Niet minder clubjes, maar beter verbonden

Niet minder clubjes, maar beter verbonden

Het is een bekend en regelmatig terugkerend geluid in onze sector: “Er zijn zoveel organisaties in de bouw. Kan dat niet wat minder? Kunnen ze niet beter samen?” Of het nu gaat over gevels, funderingen, of circulariteit, overal zijn er wel verenigingen, stichtingen of platforms die zich met een deelonderwerp bezighouden. En ja, dat zijn er veel. Maar dat is niet per se het probleem. Sterker nog, voor technische of specialistische onderwerpen hebben we die organisaties nodig. Niemand wil immers dat een gesprek over funderingstechnieken wordt gevoerd zonder de aanwezigheid van funderingsspecialisten. Of dat bij het ontwerp van een dak geen dakdekker aan tafel zit.

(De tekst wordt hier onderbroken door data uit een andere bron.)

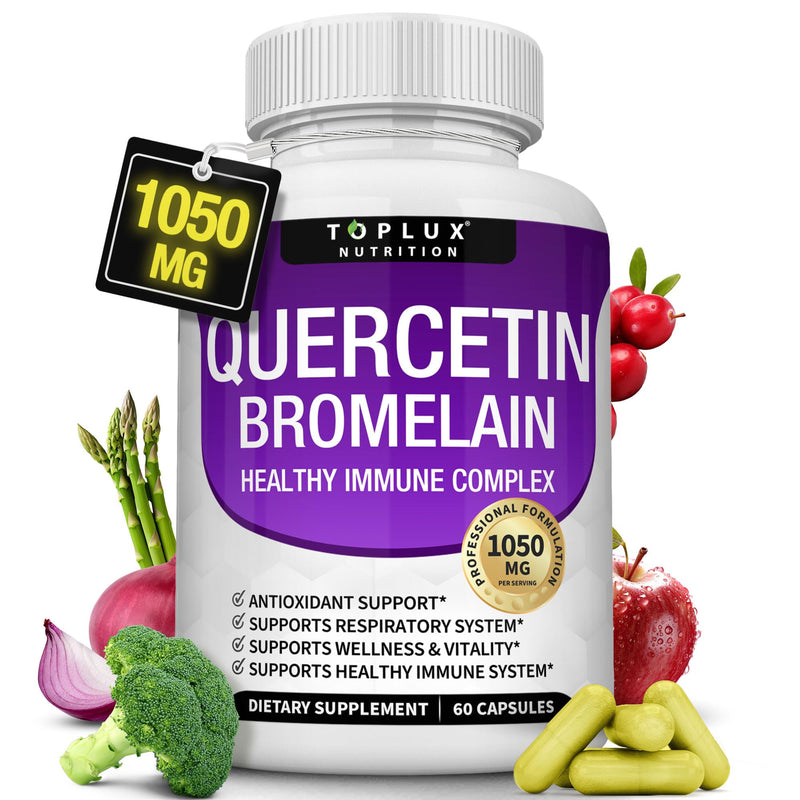 [Australia] - Toplux Quercetin with Bromelain and Zinc 1050mg - Advanced Immune Support Supplement, Supports Antioxidant, Immune System, for Men Women, 60 Capsules V1 
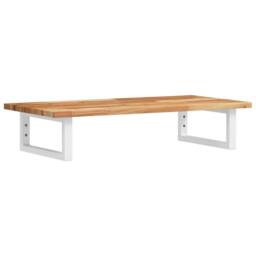 Berkfield Home Basin Shelf Wall Mounted Steel & Solid Wood Acacia in Brown - thumbnail 1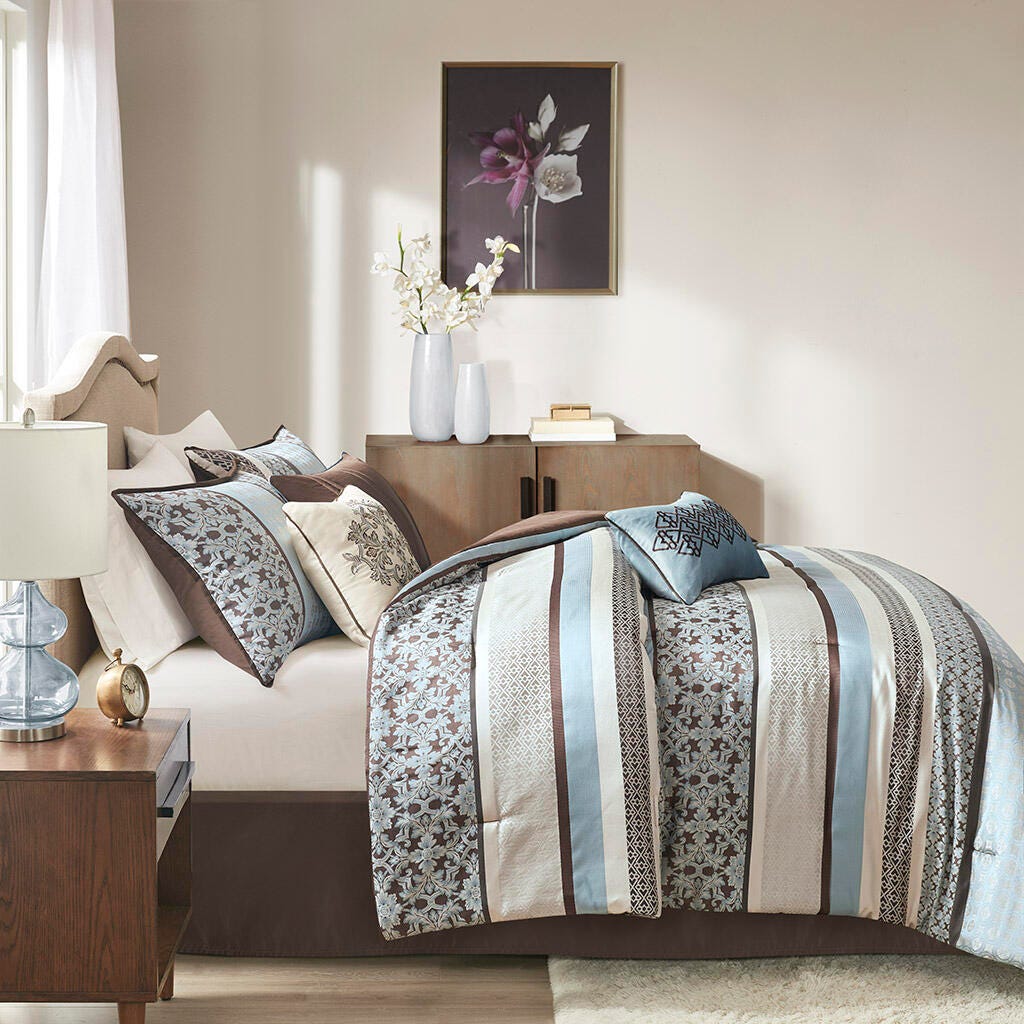 Madison Park Princeton King 7 Piece Comforter Set, Blue, large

Toch knelt het ergens. Niet omdat er te veel kennis is, maar omdat de verbinding ontbreekt. Wat mist, is namelijk de dwarsdoorsnede. De samenhang. Want in de praktijk kennen mensen elkaar vooral in vaste rollen: als opdrachtgever of opdrachtnemer, als ingenieur of beleidsmaker. En dat leidt ertoe dat iedereen vanuit zijn of haar eigen perspectief praat, vaak zónder dat die perspectieven echt naast elkaar worden gelegd. Een voorbeeld: als je in de bouwsector vraagt naar het personeelstekort, zal een betonboorder of dakdekker zeggen dat hij zijn vacatures maar niet gevuld krijgt. Terwijl het Economisch Instituut voor de Bouw (EIB) op basis van de cijfers zegt dat het op macroniveau allemaal best meevalt. Twee waarheden, allebei legitiem, maar ze komen elkaar zelden tegen in één gesprek.

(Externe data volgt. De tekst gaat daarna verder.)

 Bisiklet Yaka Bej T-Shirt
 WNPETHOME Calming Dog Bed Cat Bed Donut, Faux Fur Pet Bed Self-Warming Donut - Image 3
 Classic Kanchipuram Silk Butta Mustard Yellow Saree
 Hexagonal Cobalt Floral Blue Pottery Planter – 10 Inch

Het gevolg? Belangrijke vraagstukken worden óf te technisch besproken óf te abstract. En daardoor blijven kansen liggen. Wat we nodig hebben is niet minder organisaties, maar een beter georganiseerde keten. Dat vraagt om het lef om samen te werken zonder meteen je eigen positie te willen verdedigen. Het vraagt om de juiste mensen over de juiste onderwerpen bij elkaar aan tafel. Ook als dat betekent dat er ongemakkelijke verschillen in perspectief boven tafel komen.

Alleen dan maken we écht werk van de grote opgaven waar we sectorbreed een oplossing voor moeten vinden. Dus: minder mopperen over het aantal clubjes. En meer aandacht voor waar en hoe we de juiste gesprekken voeren.